[Records from a data source]
===

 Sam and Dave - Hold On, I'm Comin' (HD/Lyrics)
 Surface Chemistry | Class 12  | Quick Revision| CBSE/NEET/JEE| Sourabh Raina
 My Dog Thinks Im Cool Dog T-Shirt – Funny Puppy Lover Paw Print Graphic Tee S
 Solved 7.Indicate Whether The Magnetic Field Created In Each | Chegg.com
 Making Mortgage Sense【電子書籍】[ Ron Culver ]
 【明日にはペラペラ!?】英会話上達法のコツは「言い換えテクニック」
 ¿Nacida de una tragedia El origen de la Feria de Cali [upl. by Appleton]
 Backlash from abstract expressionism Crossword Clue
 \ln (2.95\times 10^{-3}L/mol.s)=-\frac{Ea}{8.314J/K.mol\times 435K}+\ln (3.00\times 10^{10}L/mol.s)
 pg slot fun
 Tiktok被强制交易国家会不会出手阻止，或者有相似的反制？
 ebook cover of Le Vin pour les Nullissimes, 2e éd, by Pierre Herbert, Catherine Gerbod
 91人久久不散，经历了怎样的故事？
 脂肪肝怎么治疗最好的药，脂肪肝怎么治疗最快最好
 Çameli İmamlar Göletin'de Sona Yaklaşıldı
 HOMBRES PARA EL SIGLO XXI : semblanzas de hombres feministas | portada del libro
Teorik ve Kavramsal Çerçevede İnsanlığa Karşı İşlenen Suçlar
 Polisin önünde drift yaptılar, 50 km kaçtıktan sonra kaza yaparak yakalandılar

===

_Exercise requirements:_ Emit only the final stretch of the records: the line containing "Tiktok被强制交易国家会不会出手阻止，或者有相似的反制？" through the end, each line exactly as it stands.

_Answer space:_
 Tiktok被强制交易国家会不会出手阻止，或者有相似的反制？
 ebook cover of Le Vin pour les Nullissimes, 2e éd, by Pierre Herbert, Catherine Gerbod
 91人久久不散，经历了怎样的故事？
 脂肪肝怎么治疗最好的药，脂肪肝怎么治疗最快最好
 Çameli İmamlar Göletin'de Sona Yaklaşıldı
 HOMBRES PARA EL SIGLO XXI : semblanzas de hombres feministas | portada del libro
Teorik ve Kavramsal Çerçevede İnsanlığa Karşı İşlenen Suçlar
 Polisin önünde drift yaptılar, 50 km kaçtıktan sonra kaza yaparak yakalandılar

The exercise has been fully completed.